- **PROBLEM DETAILS**: What needs reproducing is the run of lines in the data below starting at the line with "Oxva Xlim Go Pod Kit Luxe Black |" and ending at the line with "Vintage Jewelry 14KT", both ends included. Copy it exactly, without pictures, and add nothing.

- **INPUT MATERIAL**:
####################

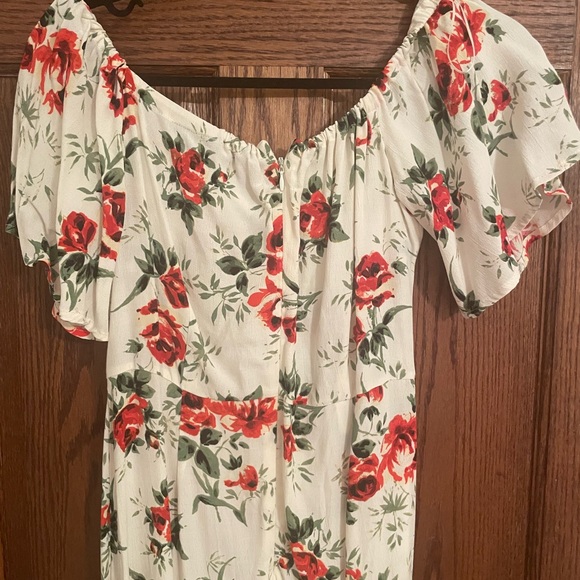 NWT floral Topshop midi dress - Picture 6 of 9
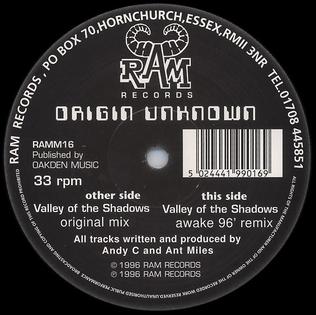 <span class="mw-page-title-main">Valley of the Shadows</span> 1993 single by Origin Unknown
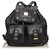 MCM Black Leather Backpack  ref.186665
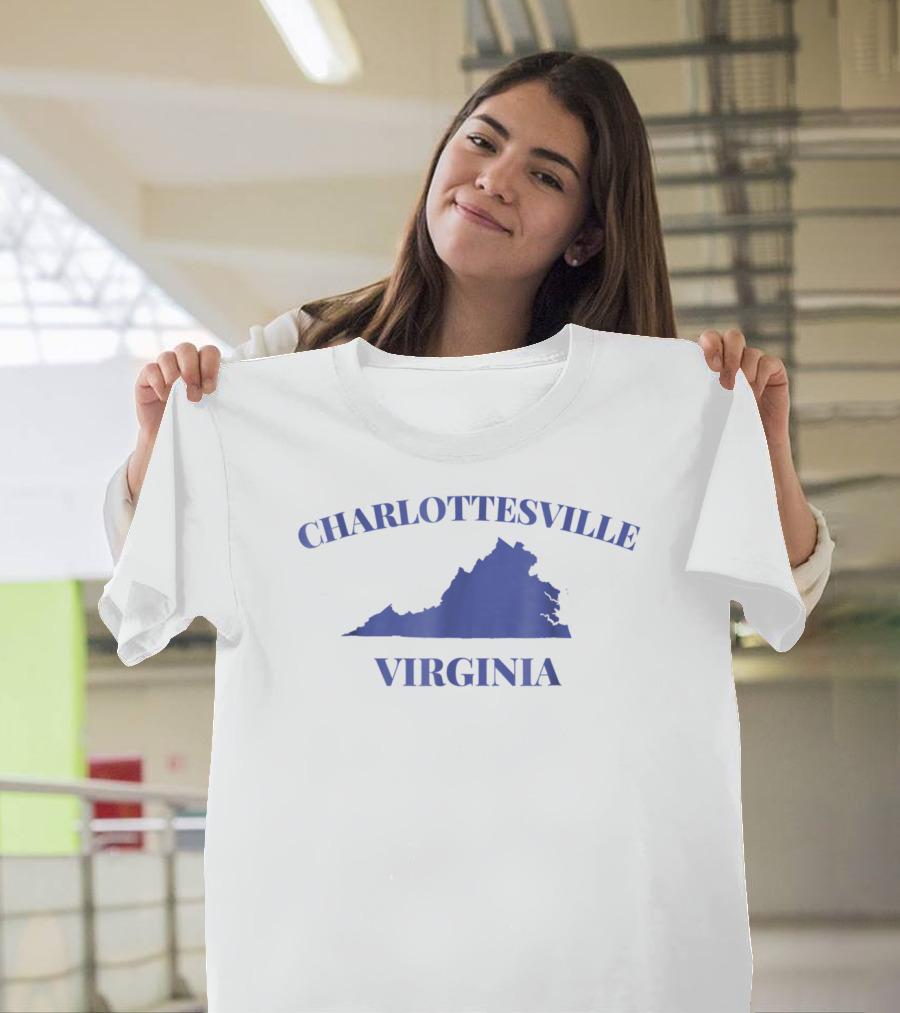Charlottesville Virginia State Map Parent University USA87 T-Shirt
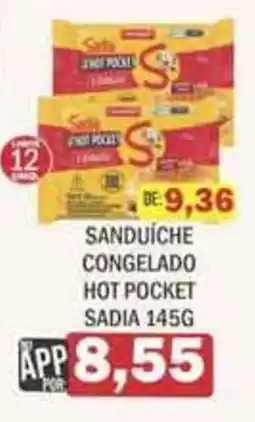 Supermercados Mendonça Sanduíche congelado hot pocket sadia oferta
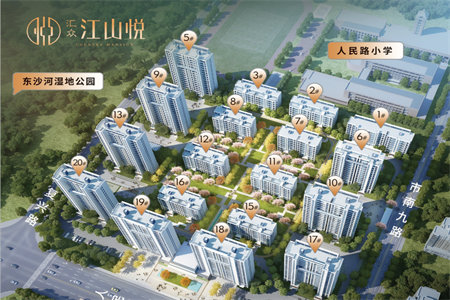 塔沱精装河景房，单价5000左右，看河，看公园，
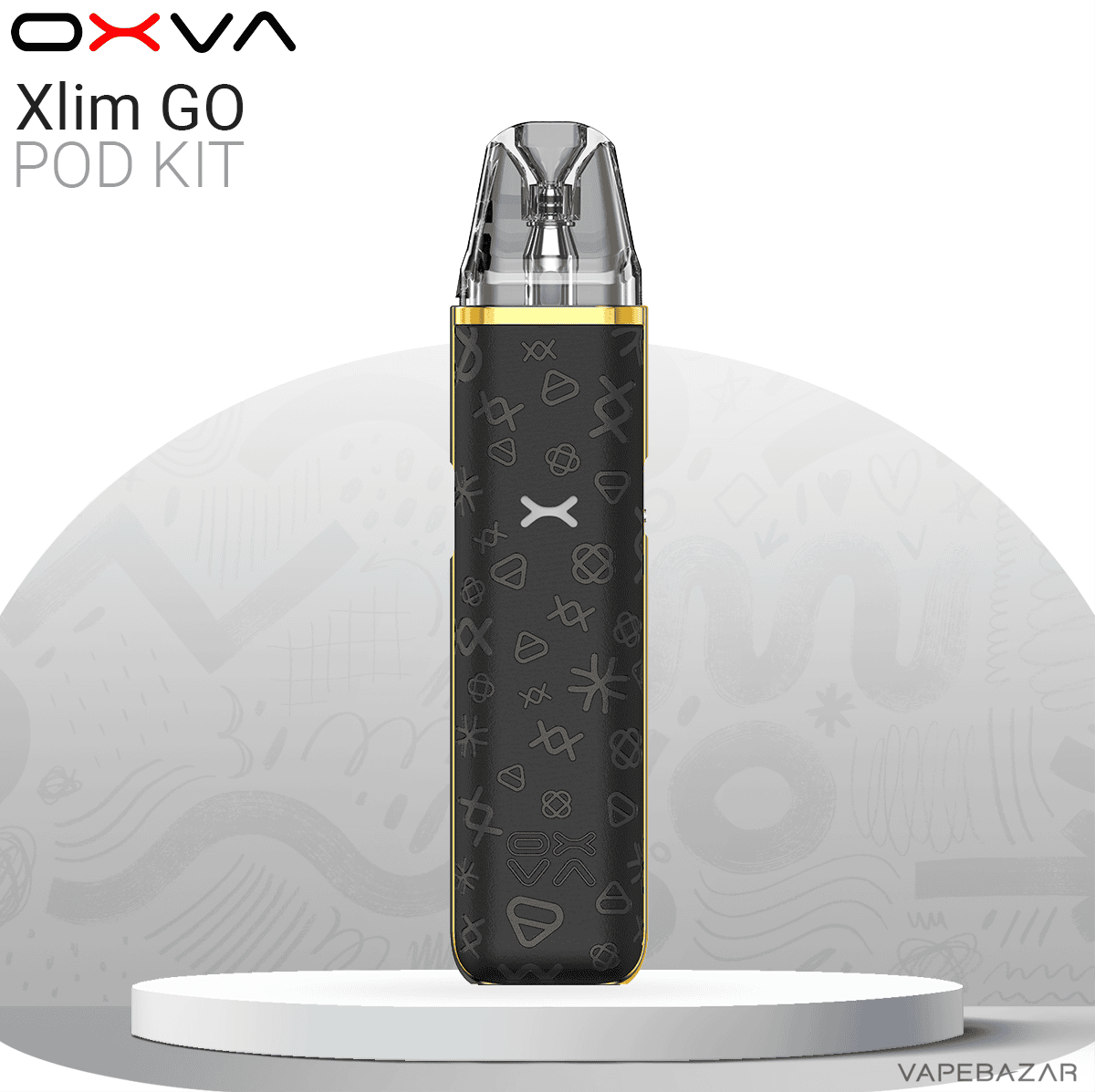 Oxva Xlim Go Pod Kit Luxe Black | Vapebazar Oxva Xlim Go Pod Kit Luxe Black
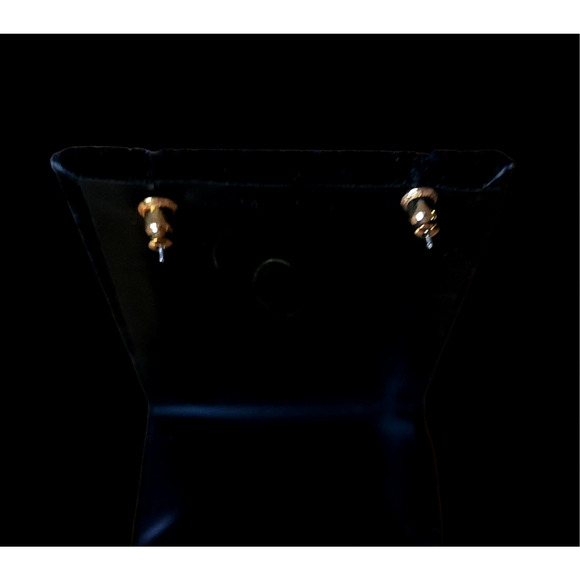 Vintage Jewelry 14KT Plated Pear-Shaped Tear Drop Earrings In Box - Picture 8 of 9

####################

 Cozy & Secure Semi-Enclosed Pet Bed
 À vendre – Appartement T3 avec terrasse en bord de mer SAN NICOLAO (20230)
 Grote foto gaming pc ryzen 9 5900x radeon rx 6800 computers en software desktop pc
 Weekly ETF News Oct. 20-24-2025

####################

- **WORKED SOLUTION**:
 Oxva Xlim Go Pod Kit Luxe Black | Vapebazar Oxva Xlim Go Pod Kit Luxe Black
 Vintage Jewelry 14KT Plated Pear-Shaped Tear Drop Earrings In Box - Picture 8 of 9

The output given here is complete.